Return exactly, please, the line that contains "Kokille PYRA 130 messingtop (2STK)" and every line after it through the end of the material that follows, leaving pictures aside.

Data section:

========================

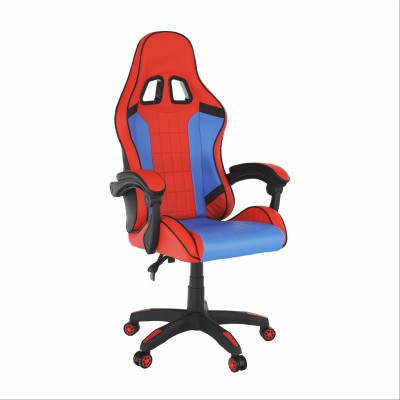 Scaun gaming, albastru/ roşu, SPIDEX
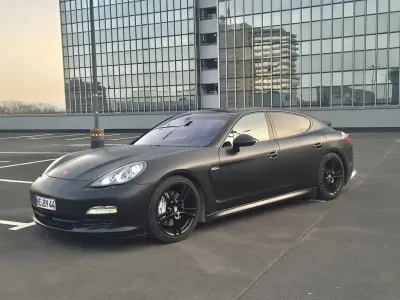 Gebraucht Porsche Panamera 4S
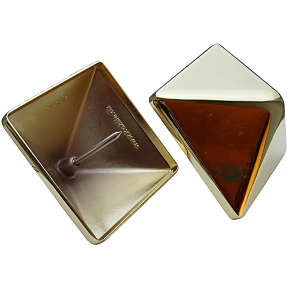 Kokille PYRA 130 messingtop (2STK)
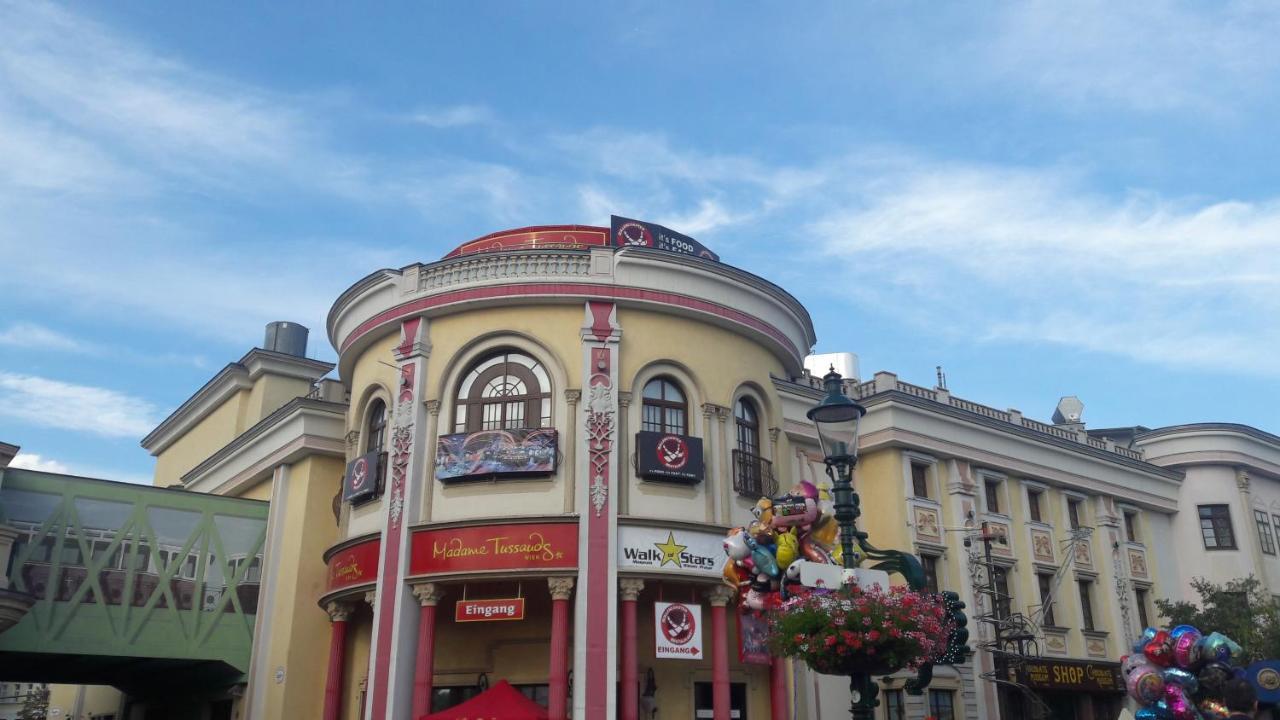 Budget Studio Near Prater Vienna Exterior photo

========================

Response below:
 Kokille PYRA 130 messingtop (2STK)
 Budget Studio Near Prater Vienna Exterior photo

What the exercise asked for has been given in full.